= Beginning of Section =
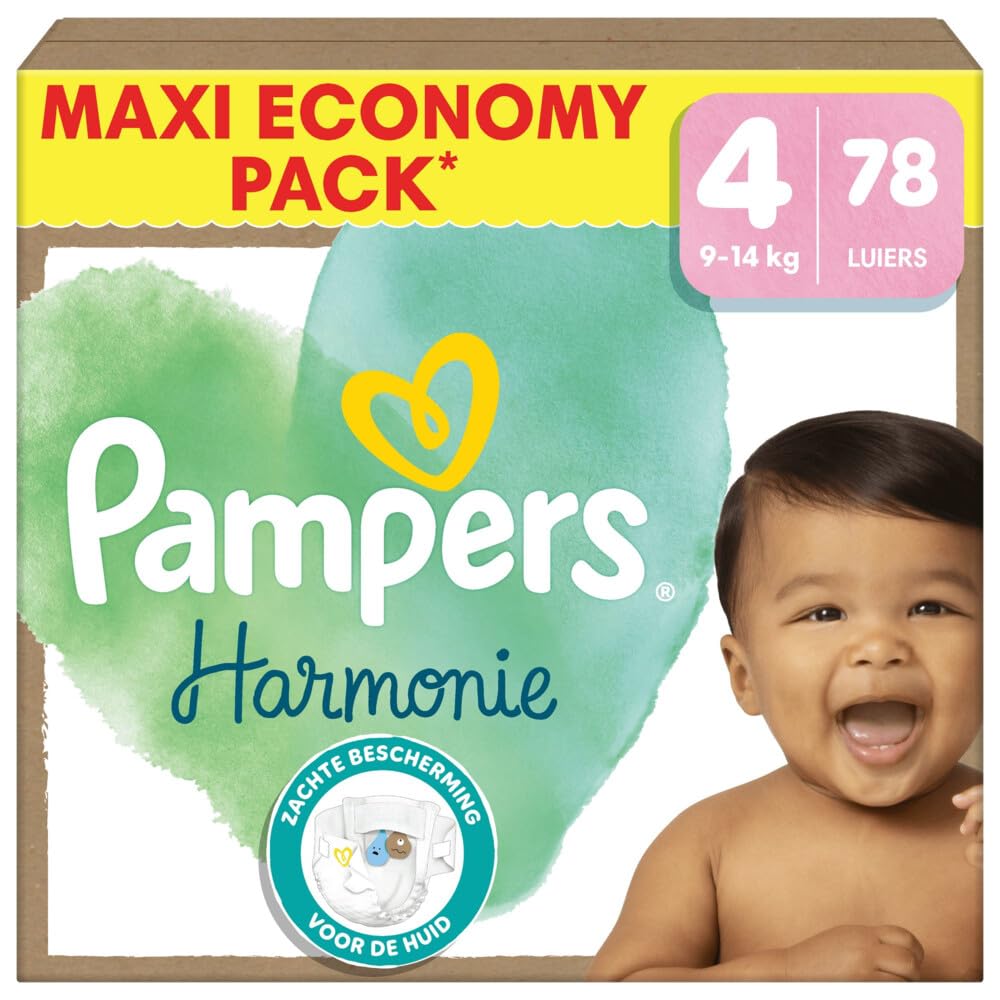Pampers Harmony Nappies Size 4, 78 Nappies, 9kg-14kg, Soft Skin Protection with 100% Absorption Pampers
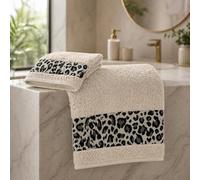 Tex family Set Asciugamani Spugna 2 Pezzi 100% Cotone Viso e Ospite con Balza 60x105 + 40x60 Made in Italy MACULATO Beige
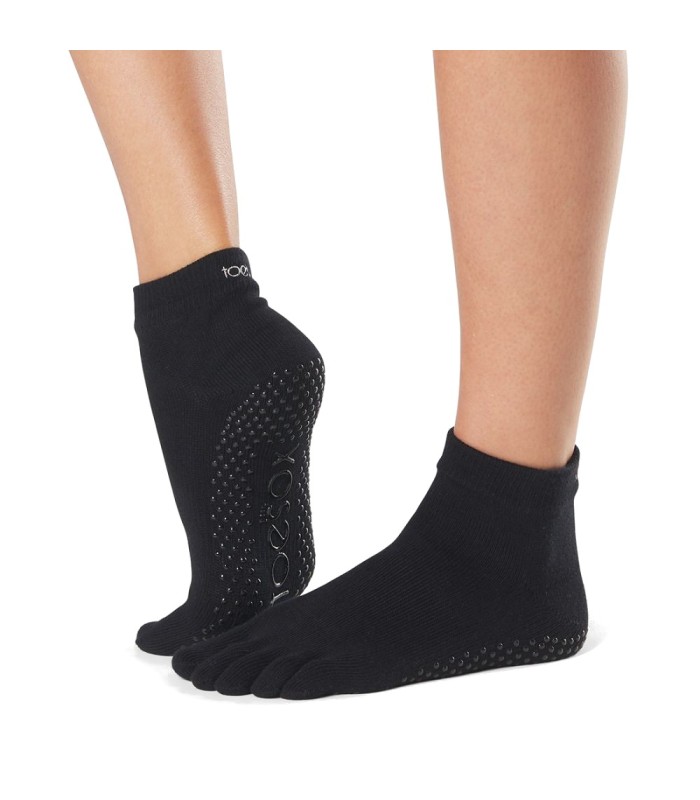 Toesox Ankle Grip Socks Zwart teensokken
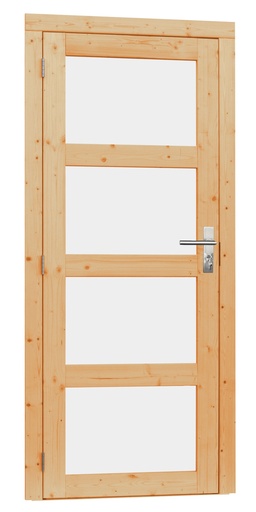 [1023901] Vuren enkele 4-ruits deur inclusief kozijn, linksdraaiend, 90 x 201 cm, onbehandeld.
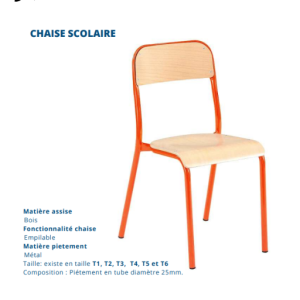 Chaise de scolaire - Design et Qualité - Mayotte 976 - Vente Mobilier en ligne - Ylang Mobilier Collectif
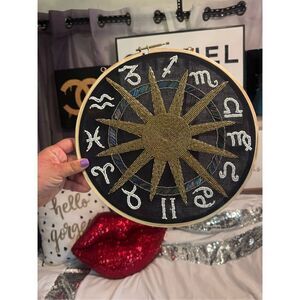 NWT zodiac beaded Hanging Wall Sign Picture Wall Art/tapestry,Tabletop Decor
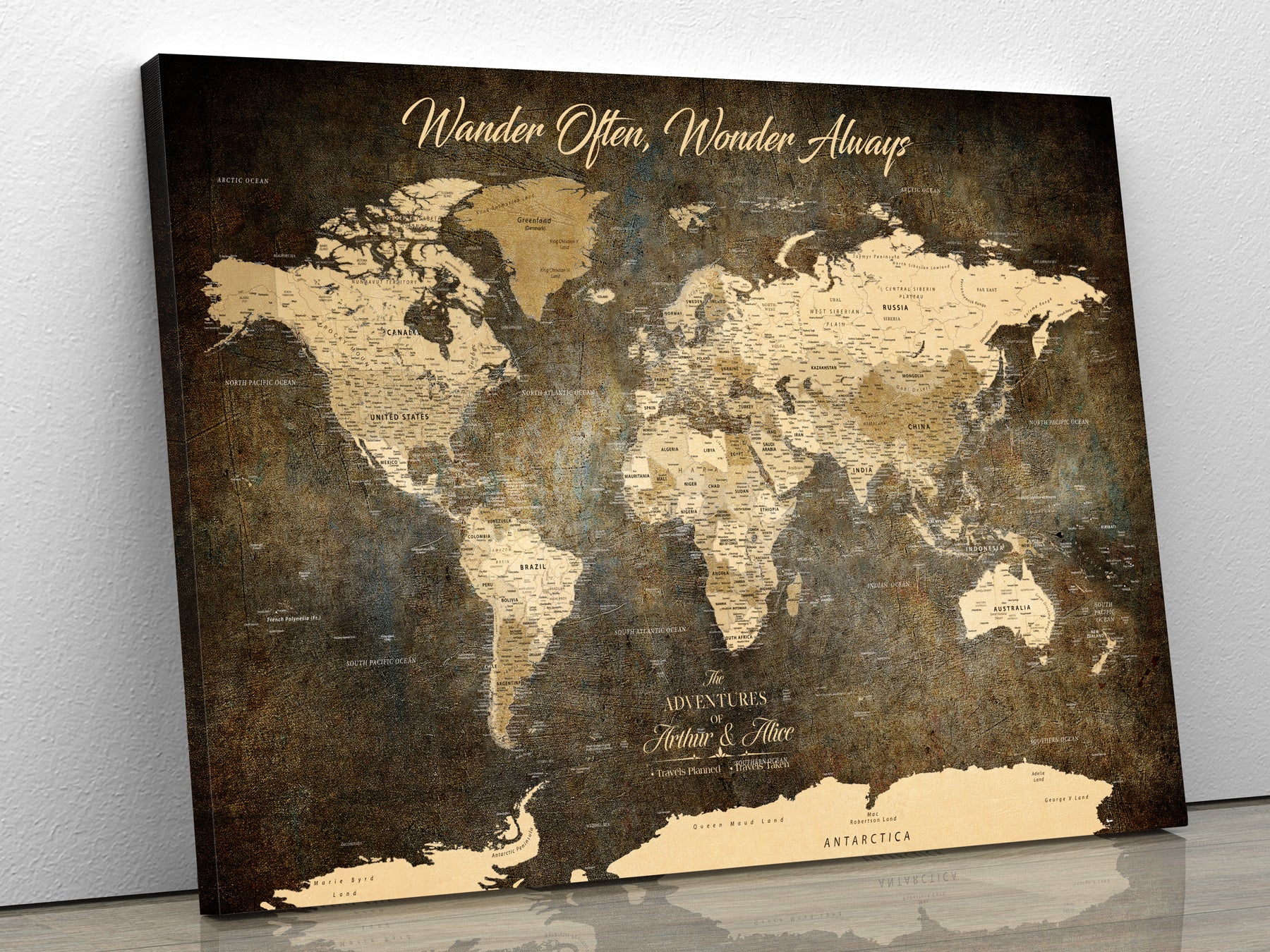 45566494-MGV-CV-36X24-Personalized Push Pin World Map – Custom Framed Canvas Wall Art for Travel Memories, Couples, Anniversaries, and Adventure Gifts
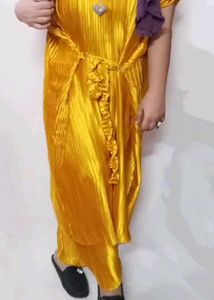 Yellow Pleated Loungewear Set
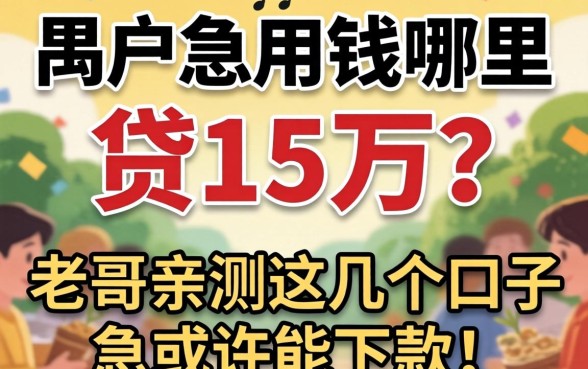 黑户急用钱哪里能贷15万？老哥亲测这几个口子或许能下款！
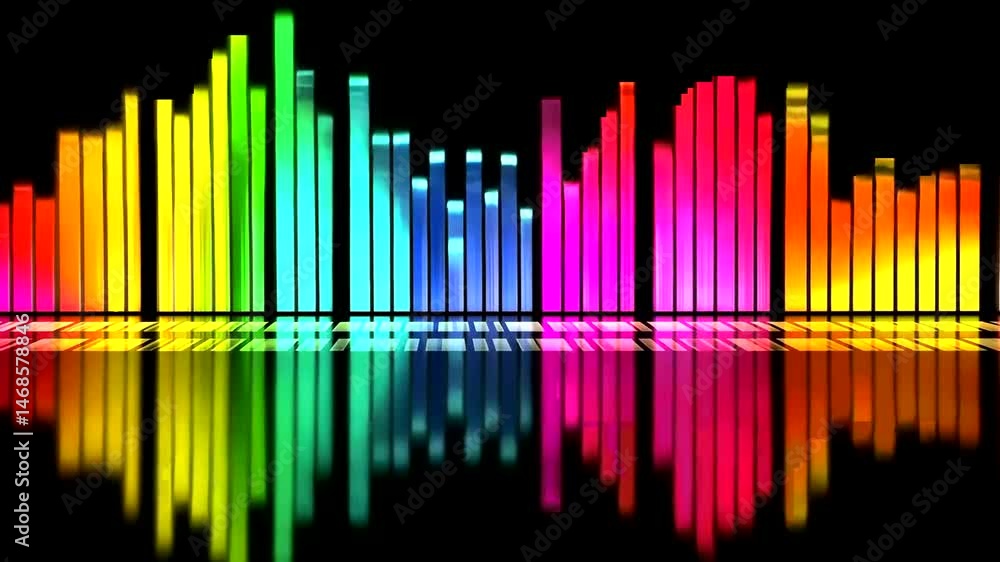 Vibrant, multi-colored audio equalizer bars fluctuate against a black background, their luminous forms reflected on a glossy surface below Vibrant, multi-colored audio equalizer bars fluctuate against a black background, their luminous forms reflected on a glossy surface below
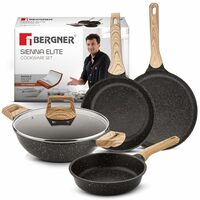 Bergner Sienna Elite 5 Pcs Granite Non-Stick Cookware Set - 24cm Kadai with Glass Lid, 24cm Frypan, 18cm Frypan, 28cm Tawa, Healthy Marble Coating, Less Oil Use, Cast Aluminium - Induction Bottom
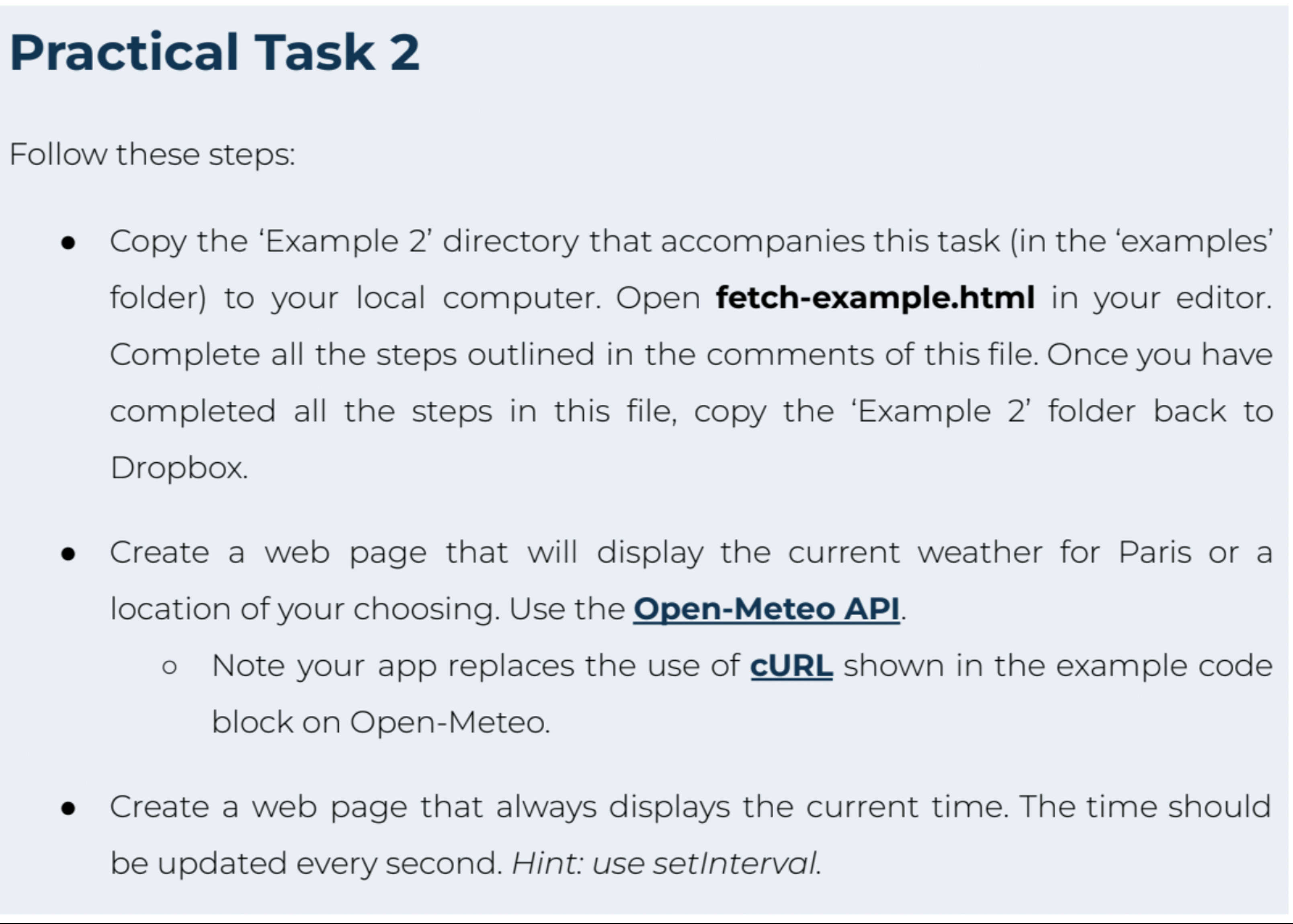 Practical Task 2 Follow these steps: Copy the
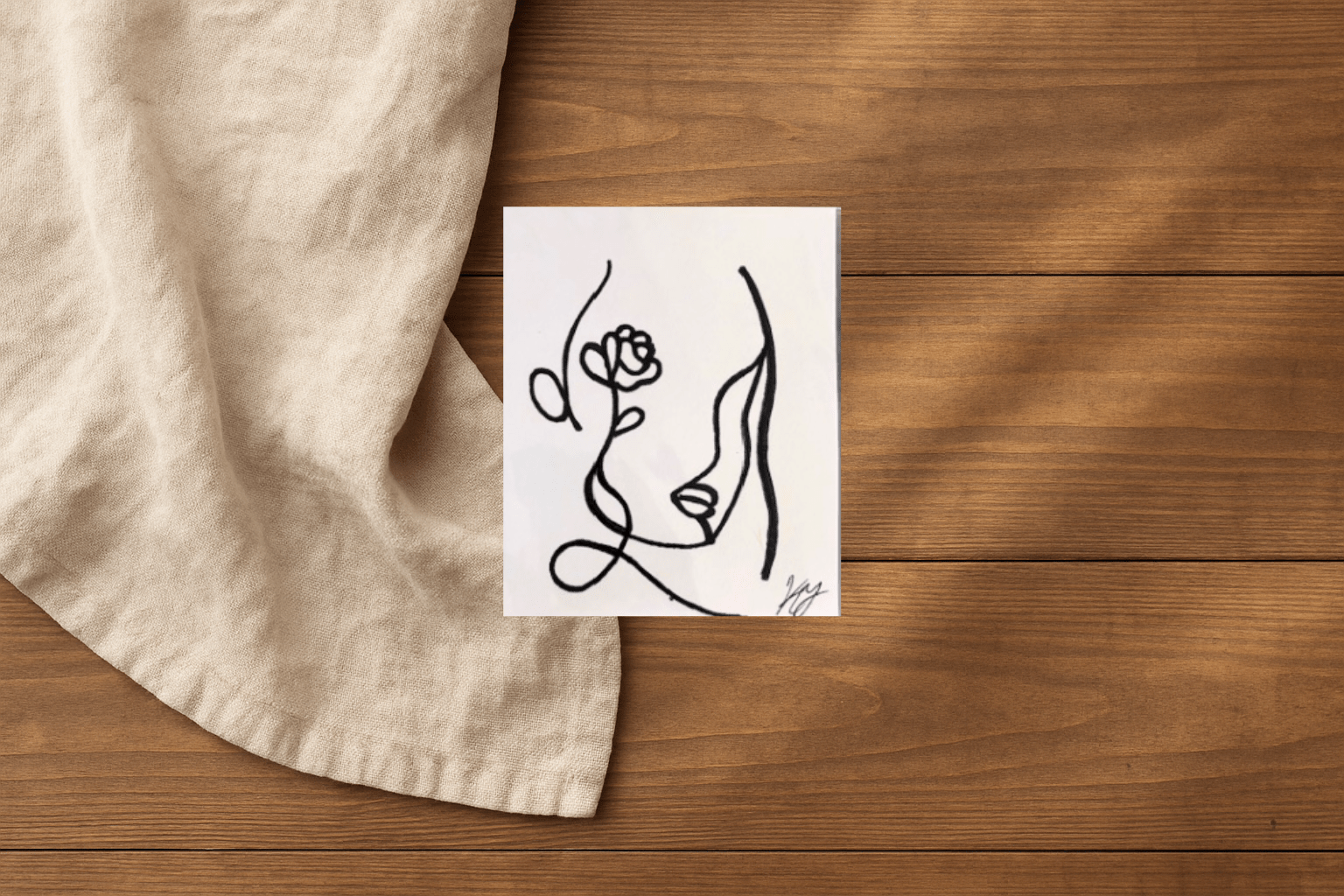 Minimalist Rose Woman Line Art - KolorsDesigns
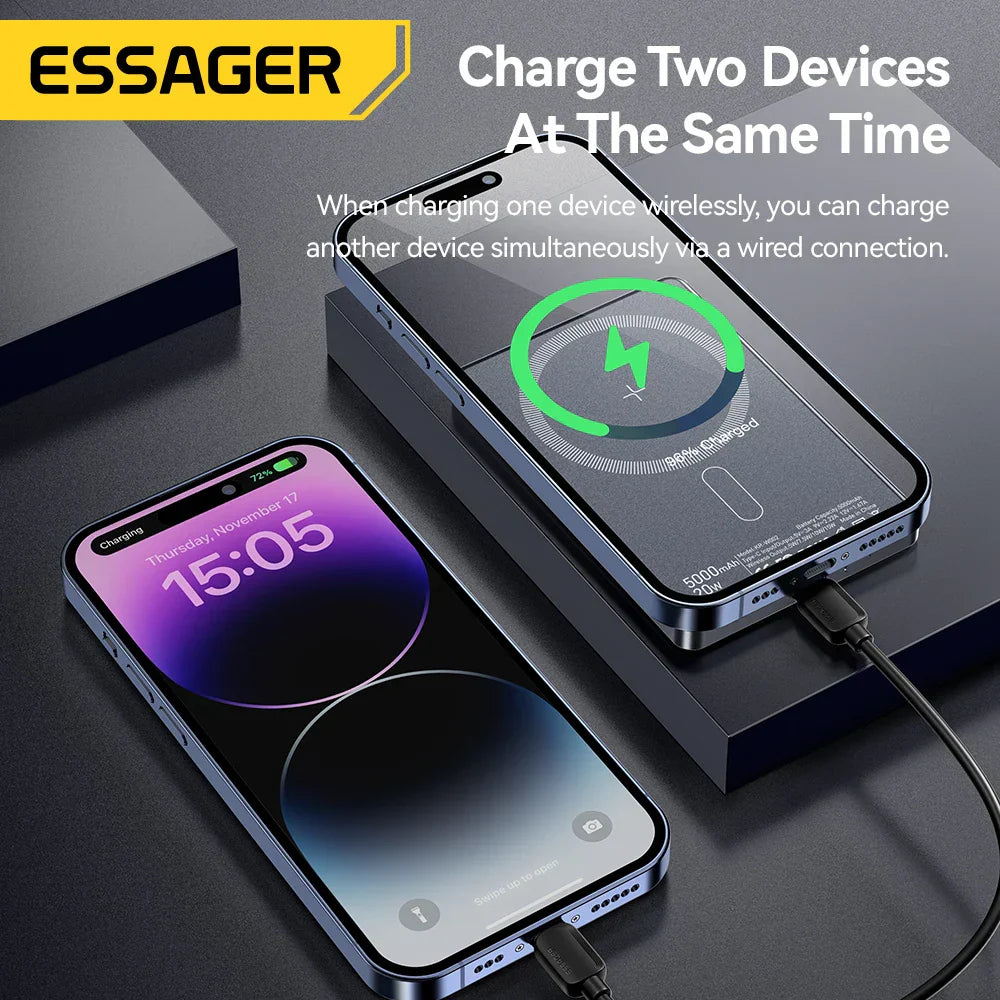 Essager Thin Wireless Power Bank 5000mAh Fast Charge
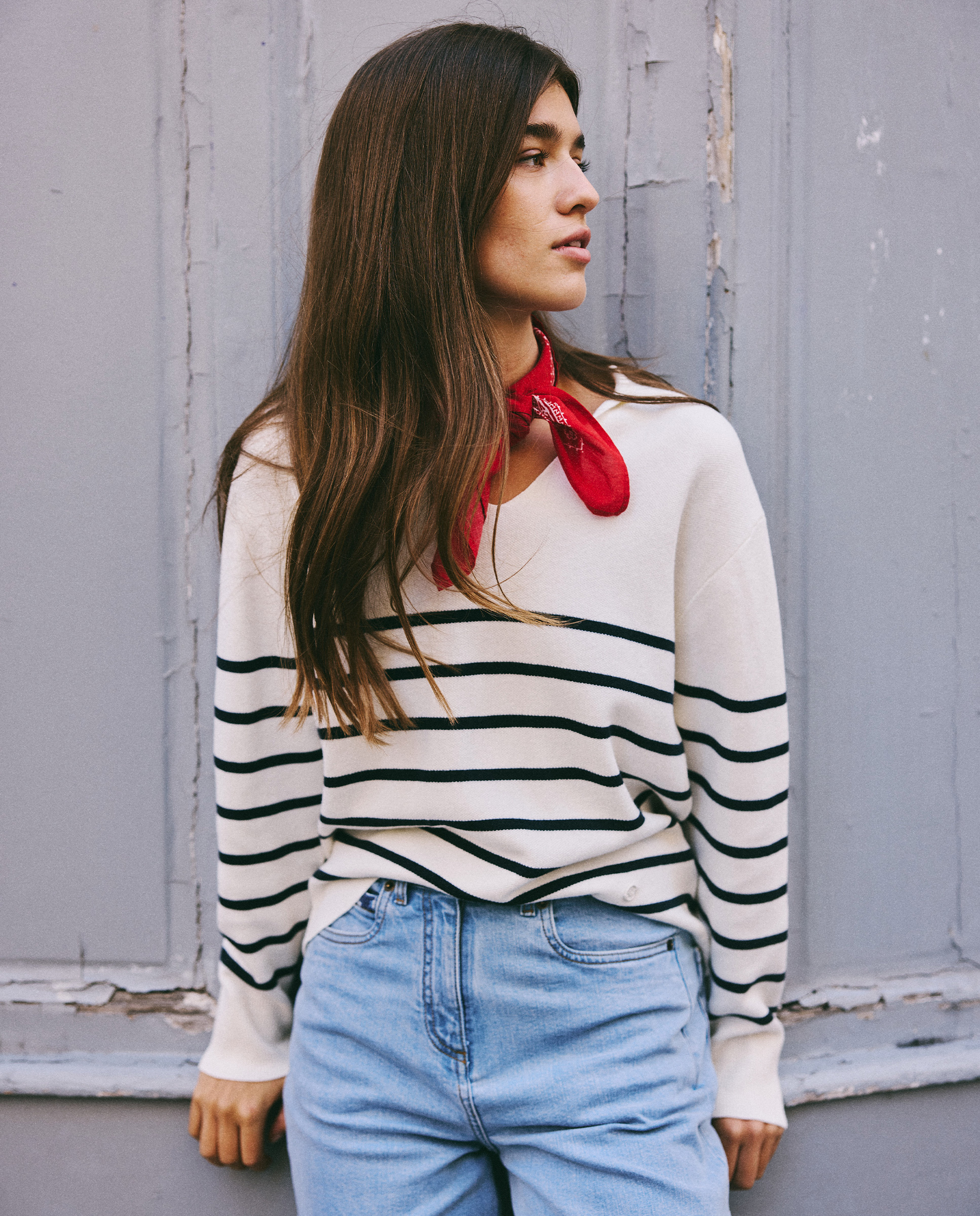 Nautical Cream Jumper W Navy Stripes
= End of Section =
### WHAT IS EXPECTED
When you reproduce the material, keep every word exact and leave each picture out.

### RESPONSE AREA
Pampers Harmony Nappies Size 4, 78 Nappies, 9kg-14kg, Soft Skin Protection with 100% Absorption Pampers
 Tex family Set Asciugamani Spugna 2 Pezzi 100% Cotone Viso e Ospite con Balza 60x105 + 40x60 Made in Italy MACULATO Beige
 Toesox Ankle Grip Socks Zwart teensokken
 [1023901] Vuren enkele 4-ruits deur inclusief kozijn, linksdraaiend, 90 x 201 cm, onbehandeld.
 Chaise de scolaire - Design et Qualité - Mayotte 976 - Vente Mobilier en ligne - Ylang Mobilier Collectif
 NWT zodiac beaded Hanging Wall Sign Picture Wall Art/tapestry,Tabletop Decor
 45566494-MGV-CV-36X24-Personalized Push Pin World Map – Custom Framed Canvas Wall Art for Travel Memories, Couples, Anniversaries, and Adventure Gifts
 Yellow Pleated Loungewear Set
 黑户急用钱哪里能贷15万？老哥亲测这几个口子或许能下款！
 Vibrant, multi-colored audio equalizer bars fluctuate against a black background, their luminous forms reflected on a glossy surface below Vibrant, multi-colored audio equalizer bars fluctuate against a black background, their luminous forms reflected on a glossy surface below
 Bergner Sienna Elite 5 Pcs Granite Non-Stick Cookware Set - 24cm Kadai with Glass Lid, 24cm Frypan, 18cm Frypan, 28cm Tawa, Healthy Marble Coating, Less Oil Use, Cast Aluminium - Induction Bottom
 Practical Task 2 Follow these steps: Copy the
 Minimalist Rose Woman Line Art - KolorsDesigns
 Essager Thin Wireless Power Bank 5000mAh Fast Charge
 Nautical Cream Jumper W Navy Stripes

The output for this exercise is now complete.